Gibbon cultivated ease, and made much of such ‘solid comforts of life’ as ‘a convenient, well-furnished house, a domestic table, half a dozen [!] chosen servants, my own carriage, and all those decent luxuries whose value is the more sensibly felt the longer they are enjoyed’. Deprived of the ‘indispensable comfort’ of a servant when banished to Switzerland, so much did it irk him that he actually recorded the fact in his
Memoirs
. Ever ‘helpless and awkward’, Gibbon liked his ‘earthly blessings’ and enjoyed flaunting himself as the quintessential Georgian man of sense, taste and refinement. All that notwithstanding, the prime function of bodily comforts, in his complacent vision, was to nurture the mind. His first ‘joy’ on inheriting his father’s wealth was to lay out ‘a bank-note of twenty pounds for the twenty volumes of the Memoirs of the Academy of Inscriptions’.

While Gibbon thus represented his body as subordinate and disciplined, a means to an end, a ‘machine’ best neither seen nor heard, it may be psychologically revealing about his authentic relationship with his body – one tenser and less under control than he liked to admit – that he visualized his mind and matters intellectual in rather lurid corporeal idioms.

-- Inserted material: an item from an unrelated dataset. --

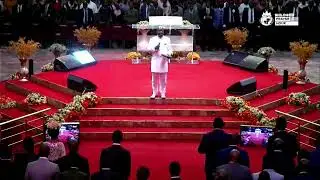 SHILOH 2024: PRAYER HOUR | DAY 2 | EVER-WINNING WISDOM | WINNERS' CHAPEL FIAMAH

His library was his ‘seraglio’ and the books he authored were his ‘children’. Respecting his first publication, he alluded, with awkward affectation, to ‘the loss of my litterary maidenhead’. Reading was the consumption of literary ‘food’, gratification
of his ‘insatiable appetite’ for study. Greed –
bodily
greed, that is – was clearly not something to boast of – Gibbon, as caricatures make clear, grew inordinately fat. Intellectual voracity, by contrast, might be admitted, if with the usual self-exonerating irony. ‘From the ancient, I leaped to the modern World,’ he thus describes his childhood reading diet, ‘many crude lumps of Speed, Rapin, Mezeray, Davila, Machiavel, Father Paul, Bower &c. [chroniclers and historians] passed through me like so many novels, and I swallowed with the same voracious appetite the descriptions of India and China, of Mexico and Peru.’ Greed was good so long as it was for matters mental.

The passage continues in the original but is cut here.